Sunday, 7 November 2010

SKELETONS (UK/2010/NICK WHITFIELD)

Davis and Bennett are agents for a company known as Veridical, whose business it is to remove skeletons from people’s closets, performing a new age ritual before embarking upon a time-travelling fact-finding mission. One such assignment puts the boys to work at the countryside house of Jane Baron, a presumed widow who has resorted to digging up the grounds to find her missing husband. Jane’s taciturn daughter Rebecca, upset by the men’s presence, tries to disrupt the procedure to preserve the memory of her father, while Davis’ prickly disposition and preoccupation with a snapshot of his own past keep him from doing the job properly. When the investigation comes to a head, both men realise how much of themselves they sacrifice by exploring other people’s pasts.

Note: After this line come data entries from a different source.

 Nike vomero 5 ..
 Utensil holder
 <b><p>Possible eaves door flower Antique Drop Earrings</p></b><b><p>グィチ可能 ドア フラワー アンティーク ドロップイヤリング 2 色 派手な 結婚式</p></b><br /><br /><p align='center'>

Developed from a ten-minute short, Skeletons is a surprisingly successful mix of uniquely British humour and sincere existentialism, fostered by a team of people who clearly cared for their creation. First-time director Nick Whitfield is cautiously subtle with the set-up and the eventual pay-off, and the motif of Davis’ treasured memory is a sentimental touch, rather than the fairground attraction it would have been in Inception. Comic duo Ed Gaughan and Andrew Buckley, in the roles of Veridical’s metaphorical ghostbusters, work brilliantly off each other, both rotund (in conflict with the film’s title) but vastly contrasting in personality. There are points in the film where one wishes the edits would slow down, but ultimately the film affords enough room for every type of moviegoer.